Northern Democrats were seriously split, half of their votes in the House going
for the measure and half against it. Nearly all northern Whigs opposed the bill.
This severe political division fractured the structure of the political party
system. The Whig Party was essentially destroyed in the South. The Democrats
were so seriously divided that their tenuous congressional majority became
highly vulnerable. A coalition of anti-Nebraska Democrats, northern Whigs,
Know-Nothings, and nativist groups joined the newly organized Republican
Party, making it a viable political force. By 1856 the Whigs had all but
disappeared, and the Republican Party was able to confront the weakened
Democrats with strong opposition.
In addition to these basic political changes, the Kansas-Nebraska Act had direct
ramifications. Kansas and Nebraska were promptly opened for settlement in
1854. Although Nebraska remained relatively quiet, Kansas, the destination of
most of the new settlers, became a political hotbed. Settlers came to Kansas
not only to develop the frontier but also—and perhaps more importantly—to
lend their weight in the determination of whether Kansas would be free or
slave.
Almost from the outset, political stability was lacking in Kansas. From the South,
proslavery Missourians traveled into Kansas to vote in favor of slavery, often
arriving in armed bands. Groups in the North and East, such as the Emigrant Aid
Company, helped so large a number of antislavery settlers move into the
territory that it was generally thought that an honest referendum of actual
settlers would not permit slavery in Kansas.

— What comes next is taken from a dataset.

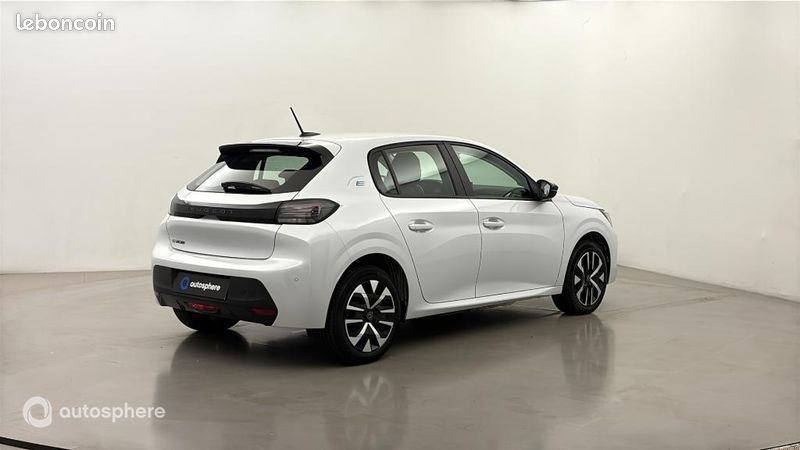 Peugeot 208 e-208 136ch 50 kWh Style (image 5)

But Missouri raiders entering the
territory in great numbers made an honest count impossible. In 1855 a
proslavery territorial legislature was established in the town of Lecompton,
Kansas, while at the same time an antislavery legislature was established in
Topeka. Almost inevitably, civil war erupted in Kansas as proslavery and
antislavery forces clashed for control of the territory. Although bloody, the
conflict remained inconclusive until the 1860s, when Kansas was finally
admitted to the Union as a free soil state.
The violence and political chaos in Kansas not only presaged the Civil War but
also helped to trigger it. In 1857 the proslavery territorial government in
Lecompton presented to Congress a constitution that would have incorporated
Kansas into the Union as a slave state. Chastened by the disastrous failure of
his Kansas-Nebraska Act, Stephen Douglas led congressional opposition to the
Lecompton constitution. Douglas and a diverse coalition of northern political
factions in Congress narrowly managed to defeat Kansas's proposed admission
to the Union as a slave state. The divisive battle over Lecompton, however,
shattered the unity of the national Democratic Party, which in 1860 would divide
into northern and southern wings. The collapse of the Democratic Party, the
one remaining national party, set the stage for southern secession in 1860.